Provided material:
↓
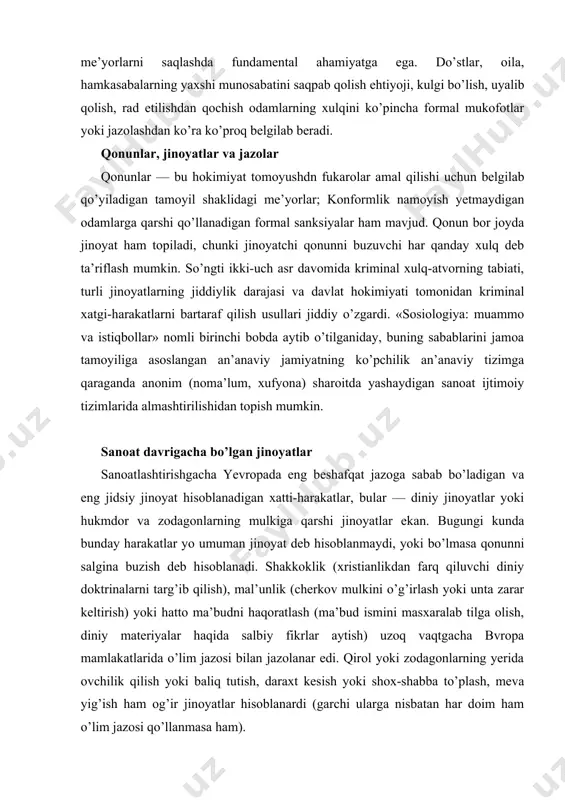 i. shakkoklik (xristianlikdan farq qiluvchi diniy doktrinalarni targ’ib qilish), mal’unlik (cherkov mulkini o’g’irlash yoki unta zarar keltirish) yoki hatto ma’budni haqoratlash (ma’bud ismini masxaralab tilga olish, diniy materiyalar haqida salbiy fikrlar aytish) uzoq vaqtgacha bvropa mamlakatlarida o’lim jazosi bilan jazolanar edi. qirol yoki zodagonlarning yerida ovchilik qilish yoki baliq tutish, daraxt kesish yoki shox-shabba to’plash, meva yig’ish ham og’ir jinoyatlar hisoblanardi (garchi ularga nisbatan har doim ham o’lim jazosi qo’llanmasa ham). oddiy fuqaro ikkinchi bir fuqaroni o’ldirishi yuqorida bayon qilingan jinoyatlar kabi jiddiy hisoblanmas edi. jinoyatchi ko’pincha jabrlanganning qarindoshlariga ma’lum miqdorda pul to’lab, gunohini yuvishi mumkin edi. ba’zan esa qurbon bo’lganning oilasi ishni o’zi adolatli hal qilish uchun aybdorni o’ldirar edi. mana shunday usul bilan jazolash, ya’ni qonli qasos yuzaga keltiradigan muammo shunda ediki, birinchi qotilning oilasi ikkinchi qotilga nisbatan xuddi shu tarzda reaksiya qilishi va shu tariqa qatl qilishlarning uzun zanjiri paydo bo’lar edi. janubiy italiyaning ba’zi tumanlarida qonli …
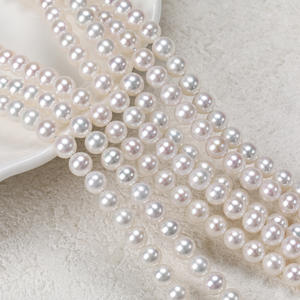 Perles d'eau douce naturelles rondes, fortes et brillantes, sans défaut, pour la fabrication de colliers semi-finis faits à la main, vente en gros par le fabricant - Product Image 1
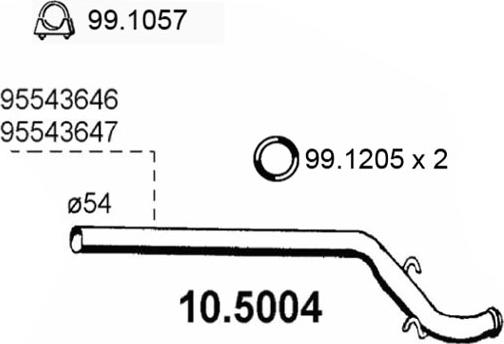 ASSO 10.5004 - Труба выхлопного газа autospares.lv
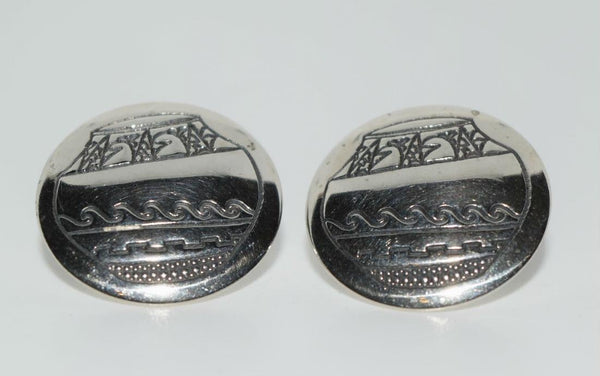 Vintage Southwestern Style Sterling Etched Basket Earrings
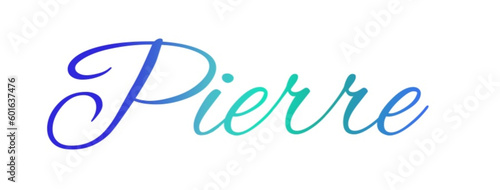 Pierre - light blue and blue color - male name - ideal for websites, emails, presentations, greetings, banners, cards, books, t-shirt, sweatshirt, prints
↑
Work instructions:
Leaving the pictures out, set down all of the data again exactly.

Result of the exercise:
 i. shakkoklik (xristianlikdan farq qiluvchi diniy doktrinalarni targ’ib qilish), mal’unlik (cherkov mulkini o’g’irlash yoki unta zarar keltirish) yoki hatto ma’budni haqoratlash (ma’bud ismini masxaralab tilga olish, diniy materiyalar haqida salbiy fikrlar aytish) uzoq vaqtgacha bvropa mamlakatlarida o’lim jazosi bilan jazolanar edi. qirol yoki zodagonlarning yerida ovchilik qilish yoki baliq tutish, daraxt kesish yoki shox-shabba to’plash, meva yig’ish ham og’ir jinoyatlar hisoblanardi (garchi ularga nisbatan har doim ham o’lim jazosi qo’llanmasa ham). oddiy fuqaro ikkinchi bir fuqaroni o’ldirishi yuqorida bayon qilingan jinoyatlar kabi jiddiy hisoblanmas edi. jinoyatchi ko’pincha jabrlanganning qarindoshlariga ma’lum miqdorda pul to’lab, gunohini yuvishi mumkin edi. ba’zan esa qurbon bo’lganning oilasi ishni o’zi adolatli hal qilish uchun aybdorni o’ldirar edi. mana shunday usul bilan jazolash, ya’ni qonli qasos yuzaga keltiradigan muammo shunda ediki, birinchi qotilning oilasi ikkinchi qotilga nisbatan xuddi shu tarzda reaksiya qilishi va shu tariqa qatl qilishlarning uzun zanjiri paydo bo’lar edi. janubiy italiyaning ba’zi tumanlarida qonli …
 Perles d'eau douce naturelles rondes, fortes et brillantes, sans défaut, pour la fabrication de colliers semi-finis faits à la main, vente en gros par le fabricant - Product Image 1
 ASSO 10.5004 - Труба выхлопного газа autospares.lv
 Vintage Southwestern Style Sterling Etched Basket Earrings
 Pierre - light blue and blue color - male name - ideal for websites, emails, presentations, greetings, banners, cards, books, t-shirt, sweatshirt, prints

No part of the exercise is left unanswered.